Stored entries

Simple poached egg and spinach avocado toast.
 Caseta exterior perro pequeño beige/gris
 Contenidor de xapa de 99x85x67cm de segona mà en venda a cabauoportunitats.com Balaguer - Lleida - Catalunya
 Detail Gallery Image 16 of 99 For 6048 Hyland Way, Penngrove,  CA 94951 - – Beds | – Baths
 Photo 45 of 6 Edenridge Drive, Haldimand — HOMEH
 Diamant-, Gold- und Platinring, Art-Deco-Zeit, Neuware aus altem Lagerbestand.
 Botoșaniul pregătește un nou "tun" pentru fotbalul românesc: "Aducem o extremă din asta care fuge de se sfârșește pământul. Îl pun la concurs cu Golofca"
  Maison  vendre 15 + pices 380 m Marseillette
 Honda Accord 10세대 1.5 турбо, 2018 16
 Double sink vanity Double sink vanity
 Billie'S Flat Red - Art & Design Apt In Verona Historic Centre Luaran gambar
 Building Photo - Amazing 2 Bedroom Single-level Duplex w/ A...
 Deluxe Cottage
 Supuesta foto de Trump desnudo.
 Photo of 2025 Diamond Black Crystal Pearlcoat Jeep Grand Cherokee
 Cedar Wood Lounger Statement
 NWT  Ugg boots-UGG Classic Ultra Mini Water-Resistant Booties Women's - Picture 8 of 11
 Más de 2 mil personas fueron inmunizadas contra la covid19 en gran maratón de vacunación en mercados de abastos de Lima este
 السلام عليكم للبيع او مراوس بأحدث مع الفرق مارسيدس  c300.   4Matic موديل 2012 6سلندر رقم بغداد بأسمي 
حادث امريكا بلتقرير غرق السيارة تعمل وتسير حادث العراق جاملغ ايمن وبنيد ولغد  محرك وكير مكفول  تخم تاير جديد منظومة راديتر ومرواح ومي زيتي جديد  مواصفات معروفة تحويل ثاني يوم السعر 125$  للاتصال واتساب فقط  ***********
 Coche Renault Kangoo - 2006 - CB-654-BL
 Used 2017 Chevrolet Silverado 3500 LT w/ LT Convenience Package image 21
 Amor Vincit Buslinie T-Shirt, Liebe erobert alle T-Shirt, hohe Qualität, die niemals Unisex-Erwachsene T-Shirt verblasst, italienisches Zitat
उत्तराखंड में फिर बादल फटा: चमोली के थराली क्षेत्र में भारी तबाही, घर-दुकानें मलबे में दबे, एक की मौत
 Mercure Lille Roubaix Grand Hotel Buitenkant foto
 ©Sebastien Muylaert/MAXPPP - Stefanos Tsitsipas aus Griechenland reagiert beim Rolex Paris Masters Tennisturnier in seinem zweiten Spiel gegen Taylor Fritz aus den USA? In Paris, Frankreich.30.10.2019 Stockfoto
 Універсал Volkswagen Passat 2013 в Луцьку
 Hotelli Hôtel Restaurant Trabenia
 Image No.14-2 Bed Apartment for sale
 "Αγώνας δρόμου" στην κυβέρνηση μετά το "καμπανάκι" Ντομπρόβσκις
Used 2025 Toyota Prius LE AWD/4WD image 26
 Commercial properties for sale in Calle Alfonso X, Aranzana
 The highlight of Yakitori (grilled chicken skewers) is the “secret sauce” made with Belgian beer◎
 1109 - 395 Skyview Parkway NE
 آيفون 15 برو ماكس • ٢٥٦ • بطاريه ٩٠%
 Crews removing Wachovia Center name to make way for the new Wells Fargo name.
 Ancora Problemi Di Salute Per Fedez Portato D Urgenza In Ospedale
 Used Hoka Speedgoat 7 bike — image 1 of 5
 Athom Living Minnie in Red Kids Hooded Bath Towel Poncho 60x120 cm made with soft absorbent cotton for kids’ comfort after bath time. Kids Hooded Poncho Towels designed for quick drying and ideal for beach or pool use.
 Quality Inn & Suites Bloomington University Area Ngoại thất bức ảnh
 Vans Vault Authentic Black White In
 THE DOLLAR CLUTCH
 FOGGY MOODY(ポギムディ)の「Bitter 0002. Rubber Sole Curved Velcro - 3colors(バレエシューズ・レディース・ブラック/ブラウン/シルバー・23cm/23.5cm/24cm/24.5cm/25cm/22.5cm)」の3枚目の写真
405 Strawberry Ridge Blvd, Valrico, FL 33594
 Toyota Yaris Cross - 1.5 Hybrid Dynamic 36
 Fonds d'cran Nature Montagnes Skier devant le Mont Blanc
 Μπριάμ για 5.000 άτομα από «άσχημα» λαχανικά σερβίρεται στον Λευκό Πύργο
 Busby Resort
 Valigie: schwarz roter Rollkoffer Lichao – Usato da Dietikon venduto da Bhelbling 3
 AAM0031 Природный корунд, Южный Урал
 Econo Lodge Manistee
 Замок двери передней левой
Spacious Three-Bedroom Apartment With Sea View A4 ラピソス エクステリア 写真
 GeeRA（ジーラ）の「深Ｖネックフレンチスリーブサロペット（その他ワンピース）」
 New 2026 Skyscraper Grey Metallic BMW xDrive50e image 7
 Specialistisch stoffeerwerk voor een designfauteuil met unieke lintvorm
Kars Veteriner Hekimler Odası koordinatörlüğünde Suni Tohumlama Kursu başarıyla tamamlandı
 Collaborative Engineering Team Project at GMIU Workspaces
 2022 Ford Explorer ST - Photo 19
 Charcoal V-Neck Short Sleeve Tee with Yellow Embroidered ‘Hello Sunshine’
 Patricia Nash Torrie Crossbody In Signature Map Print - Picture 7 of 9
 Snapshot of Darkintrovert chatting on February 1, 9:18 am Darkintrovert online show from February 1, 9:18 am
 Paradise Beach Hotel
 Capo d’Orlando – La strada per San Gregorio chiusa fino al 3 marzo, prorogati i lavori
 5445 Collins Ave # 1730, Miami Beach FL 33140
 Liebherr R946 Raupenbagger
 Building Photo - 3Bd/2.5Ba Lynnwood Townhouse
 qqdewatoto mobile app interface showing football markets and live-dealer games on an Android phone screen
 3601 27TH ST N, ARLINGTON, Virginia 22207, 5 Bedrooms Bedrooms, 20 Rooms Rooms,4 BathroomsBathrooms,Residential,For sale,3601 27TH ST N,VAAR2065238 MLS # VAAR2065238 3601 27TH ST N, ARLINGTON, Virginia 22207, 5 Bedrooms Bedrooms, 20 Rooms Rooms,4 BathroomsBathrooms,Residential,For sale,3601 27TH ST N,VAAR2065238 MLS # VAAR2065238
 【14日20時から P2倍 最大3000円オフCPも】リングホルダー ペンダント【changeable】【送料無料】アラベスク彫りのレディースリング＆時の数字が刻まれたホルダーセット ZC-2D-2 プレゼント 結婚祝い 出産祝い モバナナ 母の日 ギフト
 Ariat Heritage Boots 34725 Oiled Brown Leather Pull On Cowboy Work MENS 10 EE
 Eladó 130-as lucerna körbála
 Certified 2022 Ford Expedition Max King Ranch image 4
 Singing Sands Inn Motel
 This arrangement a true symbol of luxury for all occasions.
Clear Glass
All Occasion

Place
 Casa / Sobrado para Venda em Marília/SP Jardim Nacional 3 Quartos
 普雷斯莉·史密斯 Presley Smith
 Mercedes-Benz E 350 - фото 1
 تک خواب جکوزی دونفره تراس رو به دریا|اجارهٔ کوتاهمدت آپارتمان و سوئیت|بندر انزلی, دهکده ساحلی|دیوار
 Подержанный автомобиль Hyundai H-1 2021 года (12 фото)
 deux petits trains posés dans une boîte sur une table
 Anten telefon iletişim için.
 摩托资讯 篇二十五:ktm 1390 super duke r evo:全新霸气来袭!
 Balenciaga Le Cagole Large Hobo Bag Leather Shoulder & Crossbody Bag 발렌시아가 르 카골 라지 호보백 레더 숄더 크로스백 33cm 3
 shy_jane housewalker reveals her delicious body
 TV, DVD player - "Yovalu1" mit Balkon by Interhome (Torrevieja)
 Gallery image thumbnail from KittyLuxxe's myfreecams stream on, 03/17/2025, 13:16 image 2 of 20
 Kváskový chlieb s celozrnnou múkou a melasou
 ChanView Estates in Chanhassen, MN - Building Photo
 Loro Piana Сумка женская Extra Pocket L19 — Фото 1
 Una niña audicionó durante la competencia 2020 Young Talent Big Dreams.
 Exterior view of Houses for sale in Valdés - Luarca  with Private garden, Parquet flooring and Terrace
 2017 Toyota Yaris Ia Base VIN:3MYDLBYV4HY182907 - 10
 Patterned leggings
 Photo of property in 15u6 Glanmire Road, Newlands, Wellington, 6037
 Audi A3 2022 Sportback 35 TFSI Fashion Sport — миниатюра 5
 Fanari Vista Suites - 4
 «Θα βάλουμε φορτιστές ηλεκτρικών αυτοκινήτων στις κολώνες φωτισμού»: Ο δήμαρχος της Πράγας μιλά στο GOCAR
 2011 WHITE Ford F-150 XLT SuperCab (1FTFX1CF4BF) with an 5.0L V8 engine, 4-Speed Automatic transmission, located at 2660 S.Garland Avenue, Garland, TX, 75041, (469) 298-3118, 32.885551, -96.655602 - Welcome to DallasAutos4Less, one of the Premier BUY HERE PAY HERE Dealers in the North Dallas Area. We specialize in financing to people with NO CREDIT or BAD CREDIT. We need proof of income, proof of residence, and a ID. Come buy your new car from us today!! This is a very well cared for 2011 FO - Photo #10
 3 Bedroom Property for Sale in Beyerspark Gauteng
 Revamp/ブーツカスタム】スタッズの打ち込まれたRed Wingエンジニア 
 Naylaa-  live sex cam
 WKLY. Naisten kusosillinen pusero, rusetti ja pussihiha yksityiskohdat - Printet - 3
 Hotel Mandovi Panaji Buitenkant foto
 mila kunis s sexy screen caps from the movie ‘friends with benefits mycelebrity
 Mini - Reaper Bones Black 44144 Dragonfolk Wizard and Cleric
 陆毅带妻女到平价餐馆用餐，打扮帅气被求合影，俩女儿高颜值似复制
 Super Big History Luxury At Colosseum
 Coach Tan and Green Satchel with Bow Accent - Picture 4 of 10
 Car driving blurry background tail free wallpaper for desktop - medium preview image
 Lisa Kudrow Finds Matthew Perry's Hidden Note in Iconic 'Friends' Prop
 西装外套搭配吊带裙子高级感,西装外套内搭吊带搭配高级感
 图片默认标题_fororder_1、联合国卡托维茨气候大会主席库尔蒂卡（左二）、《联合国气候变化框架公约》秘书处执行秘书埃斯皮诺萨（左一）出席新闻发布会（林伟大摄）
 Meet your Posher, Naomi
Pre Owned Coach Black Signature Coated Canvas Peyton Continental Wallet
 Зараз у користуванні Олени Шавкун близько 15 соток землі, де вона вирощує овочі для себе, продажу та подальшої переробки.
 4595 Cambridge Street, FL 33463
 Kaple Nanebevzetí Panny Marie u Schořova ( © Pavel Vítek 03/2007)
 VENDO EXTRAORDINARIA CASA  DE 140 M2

• [Goal of the exercise]:
Run a filter over the data above and keep each line that contains the word "made".

• [Task output]:
 The highlight of Yakitori (grilled chicken skewers) is the “secret sauce” made with Belgian beer◎
 Athom Living Minnie in Red Kids Hooded Bath Towel Poncho 60x120 cm made with soft absorbent cotton for kids’ comfort after bath time. Kids Hooded Poncho Towels designed for quick drying and ideal for beach or pool use.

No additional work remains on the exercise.